§ Pictures with short captions
_ _ _

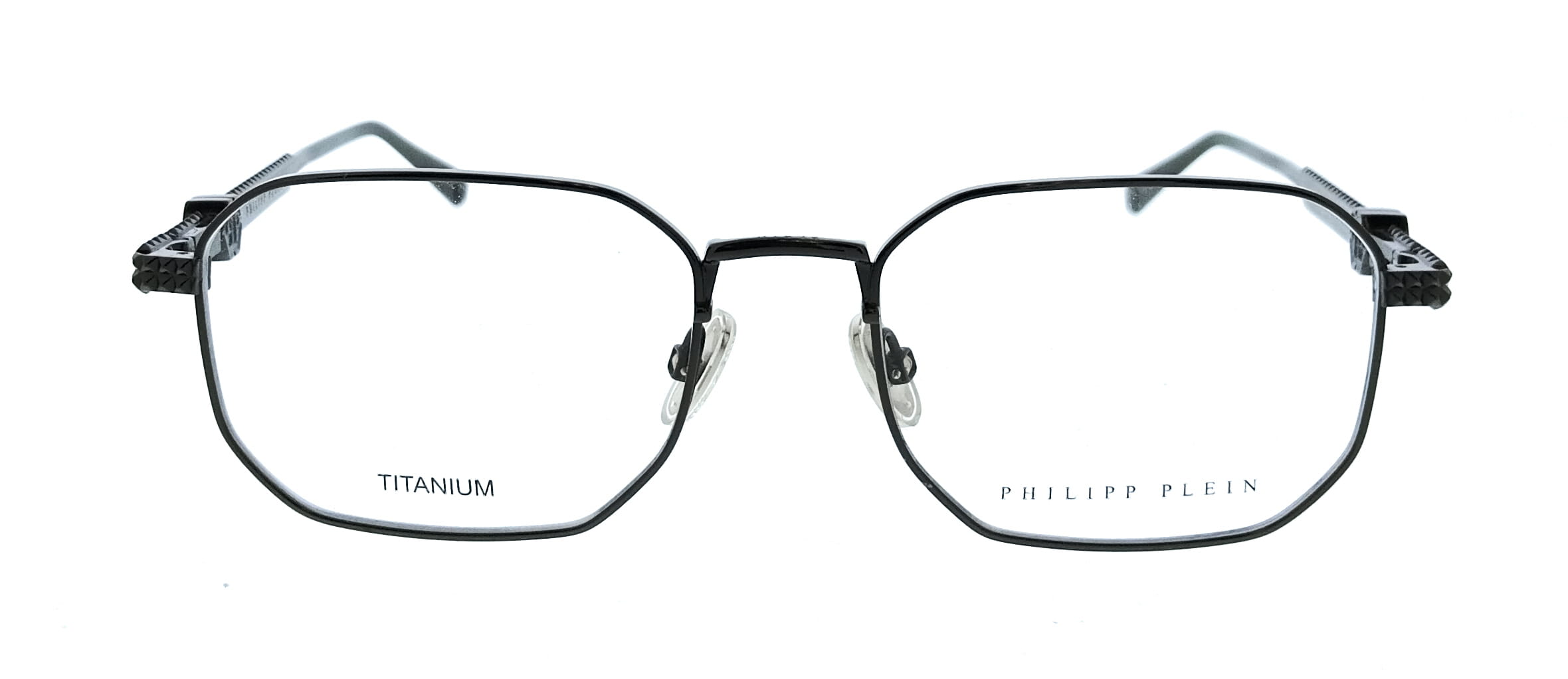 Philipp Plein Philipp Plein Shiny Gunmetal Square VPP062M540568 Eyeglasses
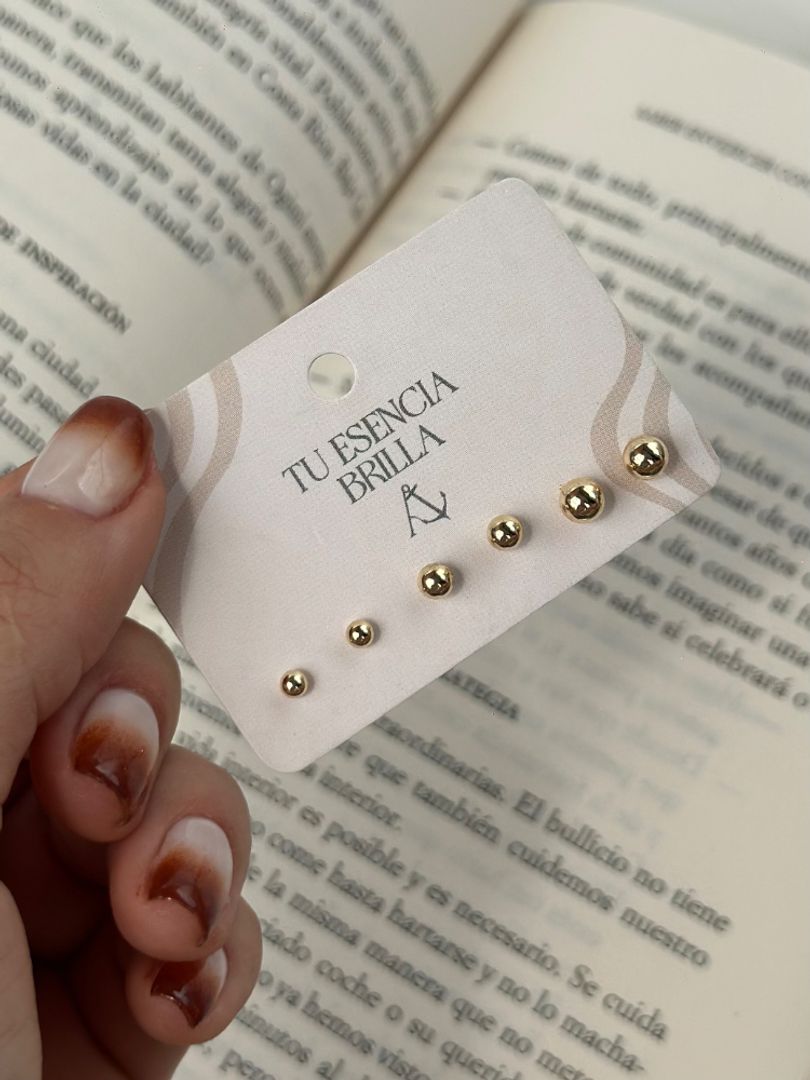 Set x 3 topo balín liso 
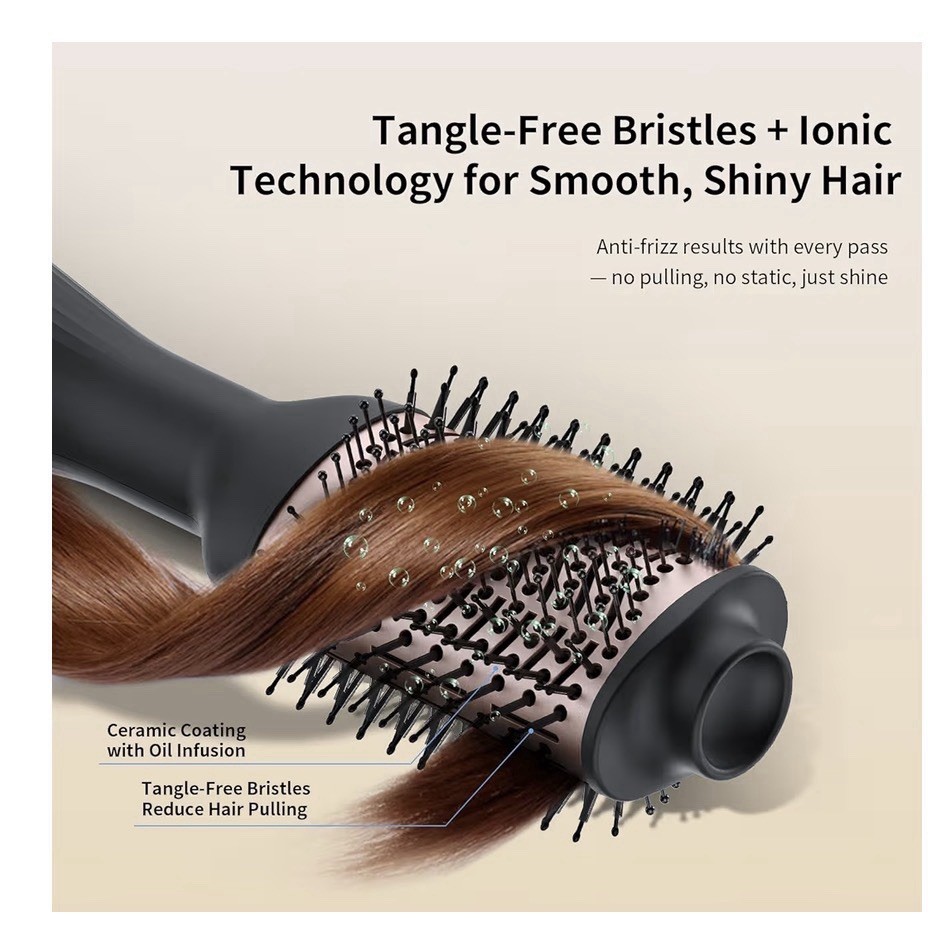 Hair Dryer Brush Blow Dryer Brush in One,4-in-1 Ionic Hair Dryer Brush & Styler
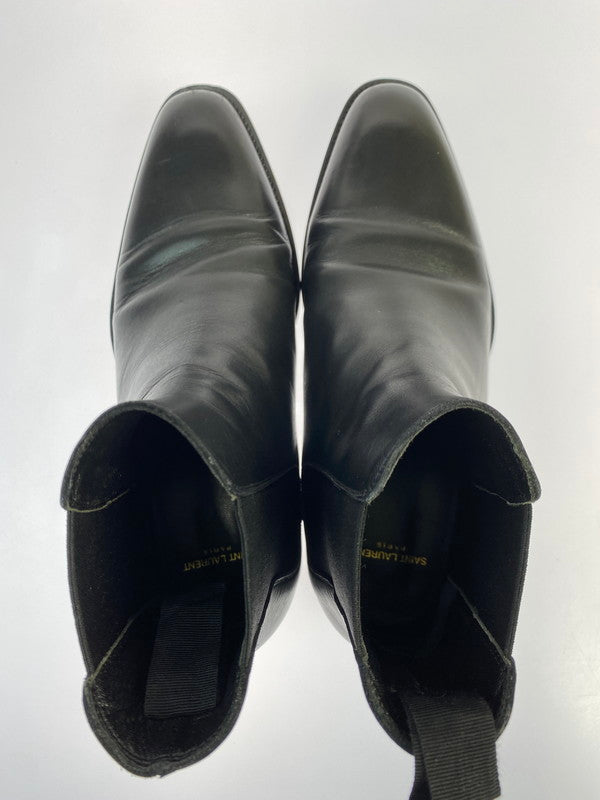 【中古品】【メンズ】 SAINT LAURENT サンローラン クラシック エディ30 チェルシーブーツ 443208-AQS00-1000 革靴 サイドゴアブーツ 183-251113-kk-20-min サイズ：39 カラー：BLACK 万代Net店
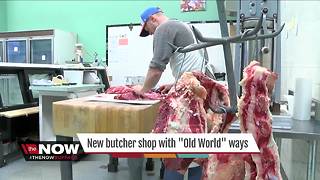New butcher shop using "Old World" ways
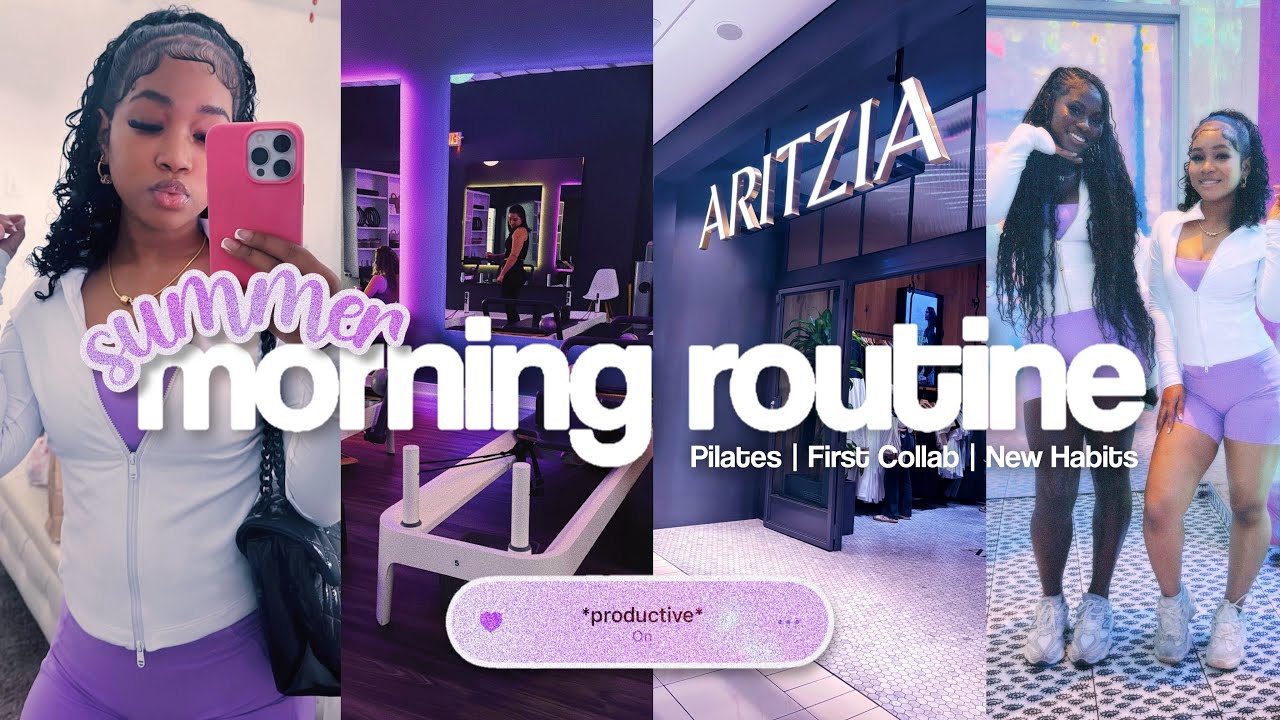 MY 8AM SUMMER MORNING ROUTINE | First Collab, Pilates, Labubu, Grwm, New Habits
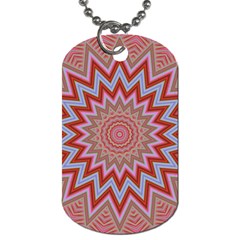 Abstract Art Abstract Background Dog Tag (two Sides) by Wegoenart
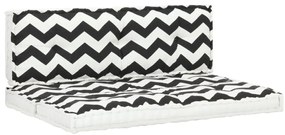 vidaXL Conjunto almofadão jardim para sofá de paletes 2 pcs estampado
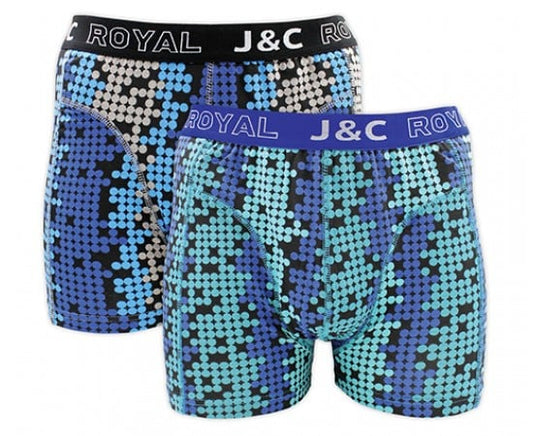 2 pack J&C Heren boxershort ’Dots & Black’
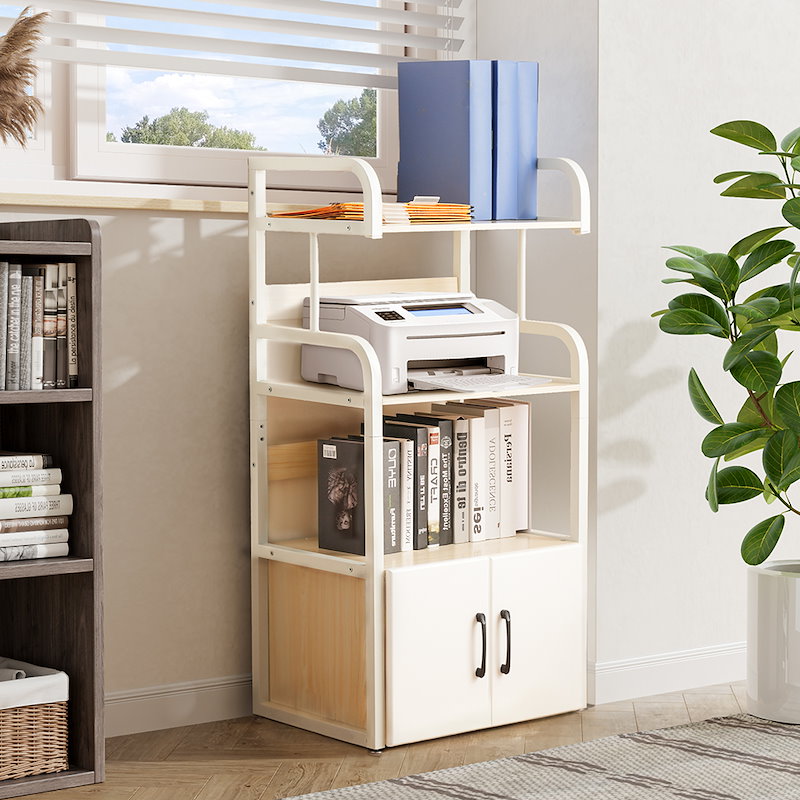 【国内即日発送】プリンター台 プリンターラック プリンター収納 大容量 デスク収納 木製 本ラック 収納ラック コンパクト オフィス 部屋 収納用 コミックラック 漫画収納 雑誌 が ディスプレイ書棚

_ _ _

§ Your assignment
Restate each record from above word for word, excluding any picture it holds.

§ Solution to this exercise
 Philipp Plein Philipp Plein Shiny Gunmetal Square VPP062M540568 Eyeglasses
 Set x 3 topo balín liso 
 Hair Dryer Brush Blow Dryer Brush in One,4-in-1 Ionic Hair Dryer Brush & Styler
 【中古品】【メンズ】 SAINT LAURENT サンローラン クラシック エディ30 チェルシーブーツ 443208-AQS00-1000 革靴 サイドゴアブーツ 183-251113-kk-20-min サイズ：39 カラー：BLACK 万代Net店
New butcher shop using "Old World" ways
 MY 8AM SUMMER MORNING ROUTINE | First Collab, Pilates, Labubu, Grwm, New Habits
 Abstract Art Abstract Background Dog Tag (two Sides) by Wegoenart
 vidaXL Conjunto almofadão jardim para sofá de paletes 2 pcs estampado
 2 pack J&C Heren boxershort ’Dots & Black’
 【国内即日発送】プリンター台 プリンターラック プリンター収納 大容量 デスク収納 木製 本ラック 収納ラック コンパクト オフィス 部屋 収納用 コミックラック 漫画収納 雑誌 が ディスプレイ書棚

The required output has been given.